*Activity:*
Copy out every line in the entries below that includes "Accord".

*Exercise data:*
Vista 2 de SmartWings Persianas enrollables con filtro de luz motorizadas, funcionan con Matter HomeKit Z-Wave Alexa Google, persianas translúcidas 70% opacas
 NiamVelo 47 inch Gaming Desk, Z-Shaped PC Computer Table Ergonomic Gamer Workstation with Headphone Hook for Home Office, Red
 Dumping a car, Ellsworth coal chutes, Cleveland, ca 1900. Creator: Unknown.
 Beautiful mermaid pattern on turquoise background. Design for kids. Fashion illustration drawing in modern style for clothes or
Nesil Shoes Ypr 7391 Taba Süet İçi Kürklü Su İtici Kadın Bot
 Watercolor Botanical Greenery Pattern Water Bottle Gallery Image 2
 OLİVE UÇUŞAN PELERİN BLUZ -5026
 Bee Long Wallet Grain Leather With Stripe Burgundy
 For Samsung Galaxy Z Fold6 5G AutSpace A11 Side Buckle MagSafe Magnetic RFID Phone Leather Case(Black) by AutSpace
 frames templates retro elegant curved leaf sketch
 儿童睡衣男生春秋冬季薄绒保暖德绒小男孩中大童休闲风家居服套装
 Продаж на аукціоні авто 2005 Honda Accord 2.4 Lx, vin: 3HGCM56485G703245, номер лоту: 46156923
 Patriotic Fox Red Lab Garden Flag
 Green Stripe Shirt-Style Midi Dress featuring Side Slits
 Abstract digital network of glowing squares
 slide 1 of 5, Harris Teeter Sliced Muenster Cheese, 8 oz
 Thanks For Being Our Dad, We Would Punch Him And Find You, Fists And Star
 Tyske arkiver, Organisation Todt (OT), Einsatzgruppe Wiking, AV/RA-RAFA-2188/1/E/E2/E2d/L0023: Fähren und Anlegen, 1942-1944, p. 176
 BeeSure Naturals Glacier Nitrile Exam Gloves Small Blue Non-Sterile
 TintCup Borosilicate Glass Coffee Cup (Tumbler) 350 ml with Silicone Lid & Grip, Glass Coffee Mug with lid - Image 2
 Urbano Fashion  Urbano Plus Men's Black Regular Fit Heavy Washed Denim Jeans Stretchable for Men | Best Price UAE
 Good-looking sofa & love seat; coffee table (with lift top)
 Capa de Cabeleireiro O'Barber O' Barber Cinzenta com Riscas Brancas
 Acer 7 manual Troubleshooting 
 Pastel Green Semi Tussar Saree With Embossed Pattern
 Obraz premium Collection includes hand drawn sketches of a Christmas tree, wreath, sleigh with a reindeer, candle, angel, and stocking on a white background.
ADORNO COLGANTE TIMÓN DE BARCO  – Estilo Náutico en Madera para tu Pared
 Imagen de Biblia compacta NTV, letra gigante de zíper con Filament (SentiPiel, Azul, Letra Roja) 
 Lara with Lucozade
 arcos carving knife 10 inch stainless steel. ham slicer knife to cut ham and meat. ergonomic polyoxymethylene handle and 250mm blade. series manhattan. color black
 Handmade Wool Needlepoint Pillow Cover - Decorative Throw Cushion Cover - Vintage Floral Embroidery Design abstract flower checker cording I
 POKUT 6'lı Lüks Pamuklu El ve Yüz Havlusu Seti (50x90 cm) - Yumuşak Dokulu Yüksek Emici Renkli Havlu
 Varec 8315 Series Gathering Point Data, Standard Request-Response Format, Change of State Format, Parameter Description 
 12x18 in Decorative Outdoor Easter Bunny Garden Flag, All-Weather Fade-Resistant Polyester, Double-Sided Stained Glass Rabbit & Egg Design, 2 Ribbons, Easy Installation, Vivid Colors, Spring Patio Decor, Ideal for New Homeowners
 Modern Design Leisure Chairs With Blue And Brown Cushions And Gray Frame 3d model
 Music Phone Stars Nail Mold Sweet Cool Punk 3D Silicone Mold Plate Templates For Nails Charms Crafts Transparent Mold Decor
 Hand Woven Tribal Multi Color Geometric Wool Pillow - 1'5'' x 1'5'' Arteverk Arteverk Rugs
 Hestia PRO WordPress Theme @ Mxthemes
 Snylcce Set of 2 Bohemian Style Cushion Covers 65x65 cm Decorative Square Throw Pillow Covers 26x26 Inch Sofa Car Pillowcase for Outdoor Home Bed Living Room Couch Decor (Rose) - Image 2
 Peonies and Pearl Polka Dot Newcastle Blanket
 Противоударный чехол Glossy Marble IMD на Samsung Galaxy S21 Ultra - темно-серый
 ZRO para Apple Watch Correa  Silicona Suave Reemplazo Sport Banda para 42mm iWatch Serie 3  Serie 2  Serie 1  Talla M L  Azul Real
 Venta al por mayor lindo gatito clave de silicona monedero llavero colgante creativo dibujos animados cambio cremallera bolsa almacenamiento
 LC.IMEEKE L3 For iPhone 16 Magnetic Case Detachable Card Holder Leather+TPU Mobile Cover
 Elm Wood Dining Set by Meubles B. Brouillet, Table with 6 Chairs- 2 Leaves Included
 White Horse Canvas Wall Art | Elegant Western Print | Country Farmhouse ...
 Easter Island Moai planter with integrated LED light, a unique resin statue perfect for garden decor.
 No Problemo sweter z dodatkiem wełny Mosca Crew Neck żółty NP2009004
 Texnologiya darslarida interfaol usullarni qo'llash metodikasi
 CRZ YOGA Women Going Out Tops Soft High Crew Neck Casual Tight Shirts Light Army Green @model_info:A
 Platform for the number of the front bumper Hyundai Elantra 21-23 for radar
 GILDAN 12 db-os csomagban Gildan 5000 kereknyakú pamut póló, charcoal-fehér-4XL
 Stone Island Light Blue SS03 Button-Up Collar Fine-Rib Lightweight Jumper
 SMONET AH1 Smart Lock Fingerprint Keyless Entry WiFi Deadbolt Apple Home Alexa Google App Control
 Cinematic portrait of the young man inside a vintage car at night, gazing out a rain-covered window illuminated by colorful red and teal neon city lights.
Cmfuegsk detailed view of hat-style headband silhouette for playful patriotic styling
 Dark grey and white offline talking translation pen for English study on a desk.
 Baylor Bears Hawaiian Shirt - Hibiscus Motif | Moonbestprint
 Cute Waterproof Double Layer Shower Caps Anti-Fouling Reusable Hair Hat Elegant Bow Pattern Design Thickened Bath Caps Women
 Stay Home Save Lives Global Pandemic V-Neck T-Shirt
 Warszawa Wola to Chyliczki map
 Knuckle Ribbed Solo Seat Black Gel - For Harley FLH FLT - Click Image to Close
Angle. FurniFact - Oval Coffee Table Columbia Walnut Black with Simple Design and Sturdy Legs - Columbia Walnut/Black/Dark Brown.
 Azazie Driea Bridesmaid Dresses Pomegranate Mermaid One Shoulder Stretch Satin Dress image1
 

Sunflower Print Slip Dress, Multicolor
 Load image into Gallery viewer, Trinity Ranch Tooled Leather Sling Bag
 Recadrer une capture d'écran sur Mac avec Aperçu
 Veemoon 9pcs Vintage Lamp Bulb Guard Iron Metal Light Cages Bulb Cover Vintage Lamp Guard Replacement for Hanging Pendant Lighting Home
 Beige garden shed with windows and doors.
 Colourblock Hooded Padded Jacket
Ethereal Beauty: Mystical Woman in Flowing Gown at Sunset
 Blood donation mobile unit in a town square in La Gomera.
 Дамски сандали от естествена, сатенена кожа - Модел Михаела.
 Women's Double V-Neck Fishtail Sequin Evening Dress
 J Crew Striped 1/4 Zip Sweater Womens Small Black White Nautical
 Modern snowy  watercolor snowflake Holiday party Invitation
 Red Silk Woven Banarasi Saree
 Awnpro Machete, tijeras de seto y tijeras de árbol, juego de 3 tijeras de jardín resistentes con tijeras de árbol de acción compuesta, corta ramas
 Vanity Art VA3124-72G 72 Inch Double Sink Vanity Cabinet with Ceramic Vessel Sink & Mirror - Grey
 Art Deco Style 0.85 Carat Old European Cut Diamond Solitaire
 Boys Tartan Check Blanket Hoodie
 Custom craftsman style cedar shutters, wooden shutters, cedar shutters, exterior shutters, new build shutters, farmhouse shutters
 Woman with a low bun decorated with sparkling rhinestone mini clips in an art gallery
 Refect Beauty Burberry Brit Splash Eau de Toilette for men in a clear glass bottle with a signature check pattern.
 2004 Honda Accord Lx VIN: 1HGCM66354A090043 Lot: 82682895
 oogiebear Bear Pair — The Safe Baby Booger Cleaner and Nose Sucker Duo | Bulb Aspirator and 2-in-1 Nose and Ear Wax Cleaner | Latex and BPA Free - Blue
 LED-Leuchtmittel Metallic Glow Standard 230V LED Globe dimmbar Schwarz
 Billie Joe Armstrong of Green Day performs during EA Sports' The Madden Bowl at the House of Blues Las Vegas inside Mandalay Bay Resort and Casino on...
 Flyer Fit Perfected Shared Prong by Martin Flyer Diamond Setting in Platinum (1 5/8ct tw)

*Solution for this task:*
 Продаж на аукціоні авто 2005 Honda Accord 2.4 Lx, vin: 3HGCM56485G703245, номер лоту: 46156923
 2004 Honda Accord Lx VIN: 1HGCM66354A090043 Lot: 82682895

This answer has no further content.